### [WORK ITEM]
Please return each entry exactly as it appears, but not the pictures.

### [DATA]
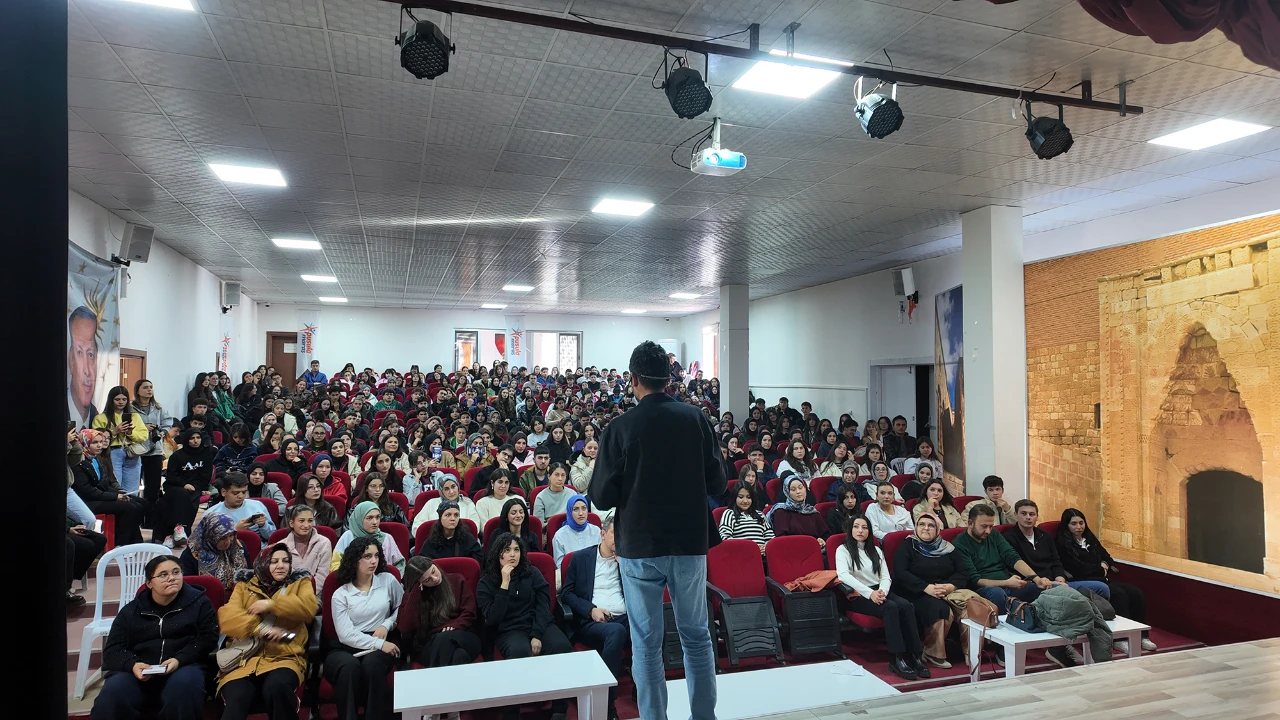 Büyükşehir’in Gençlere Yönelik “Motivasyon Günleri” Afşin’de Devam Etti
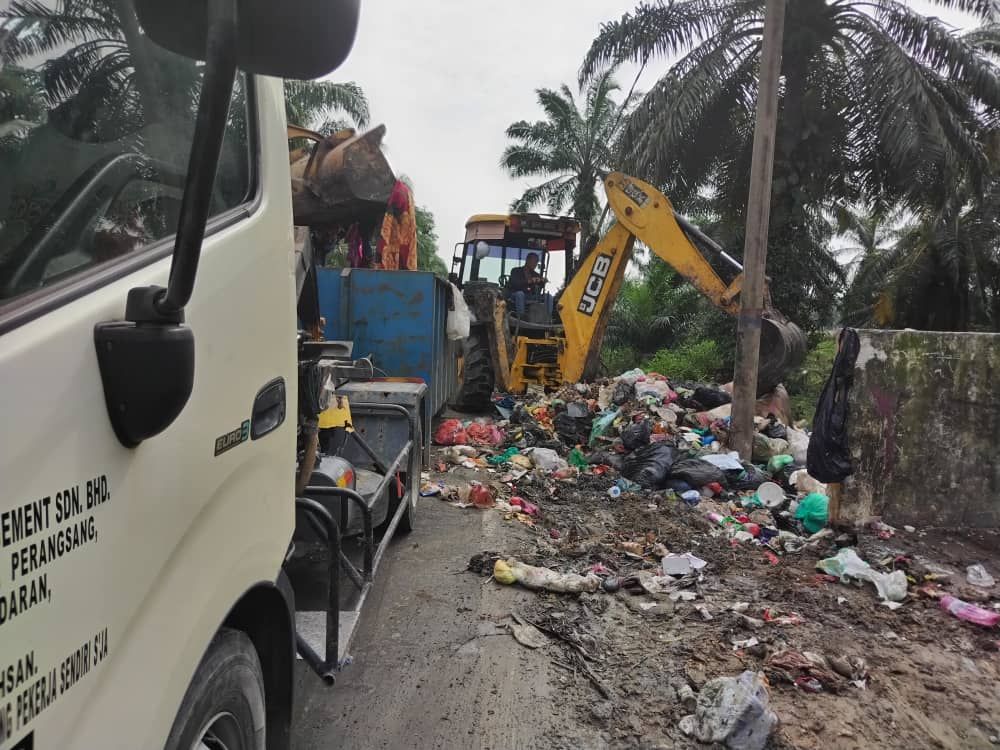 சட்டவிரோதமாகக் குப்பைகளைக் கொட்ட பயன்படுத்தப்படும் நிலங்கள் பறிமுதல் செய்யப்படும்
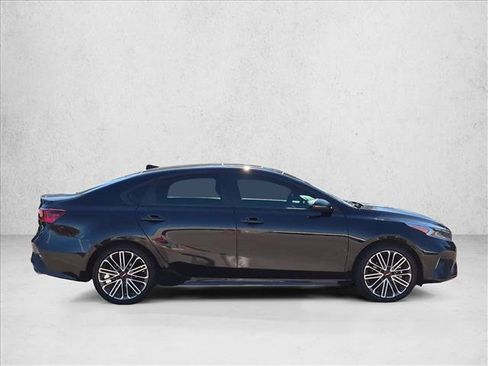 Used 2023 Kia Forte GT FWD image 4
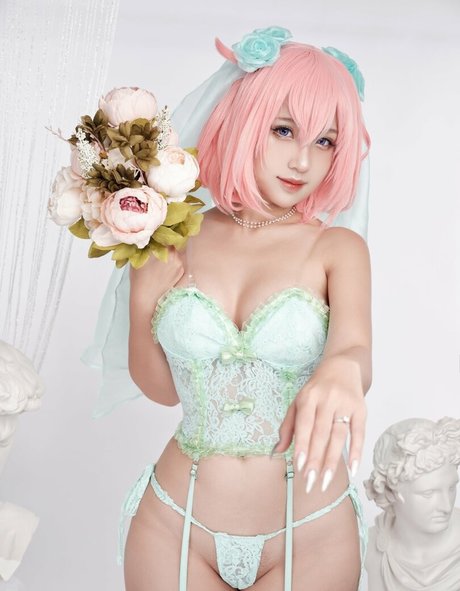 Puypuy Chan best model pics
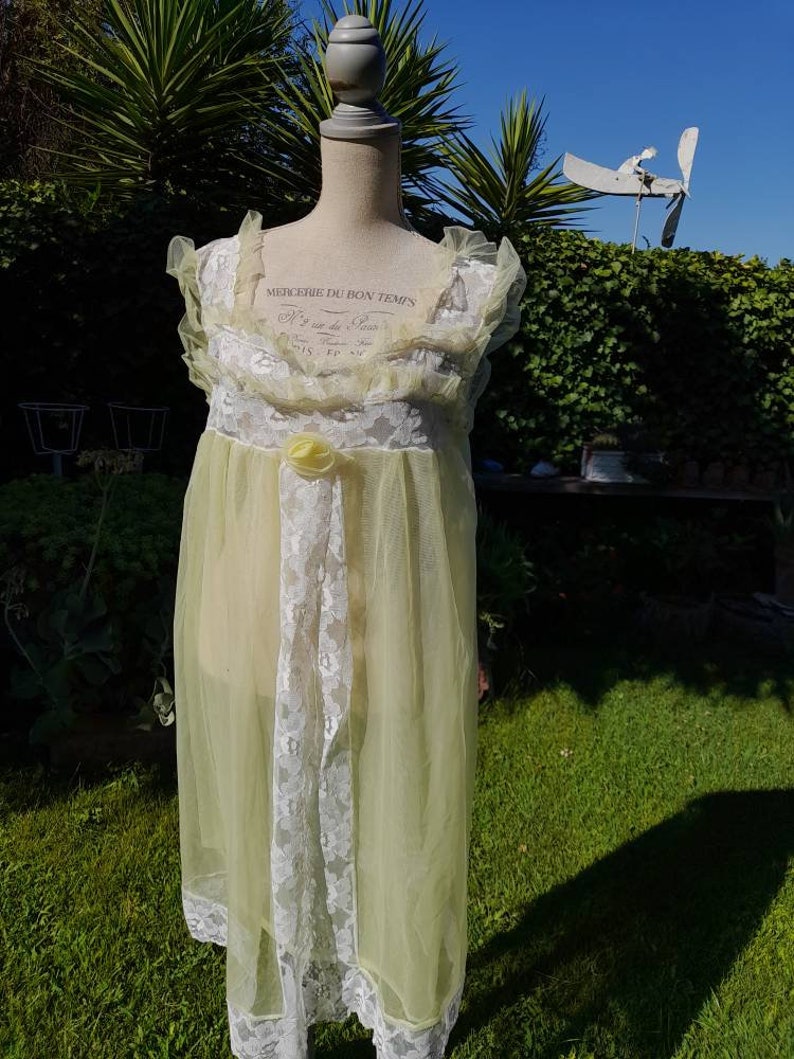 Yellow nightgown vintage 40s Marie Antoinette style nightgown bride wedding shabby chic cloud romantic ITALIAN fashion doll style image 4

### [OUTPUT OF THE EXERCISE]
 Büyükşehir’in Gençlere Yönelik “Motivasyon Günleri” Afşin’de Devam Etti
 சட்டவிரோதமாகக் குப்பைகளைக் கொட்ட பயன்படுத்தப்படும் நிலங்கள் பறிமுதல் செய்யப்படும்
 Used 2023 Kia Forte GT FWD image 4
 Puypuy Chan best model pics
 Yellow nightgown vintage 40s Marie Antoinette style nightgown bride wedding shabby chic cloud romantic ITALIAN fashion doll style image 4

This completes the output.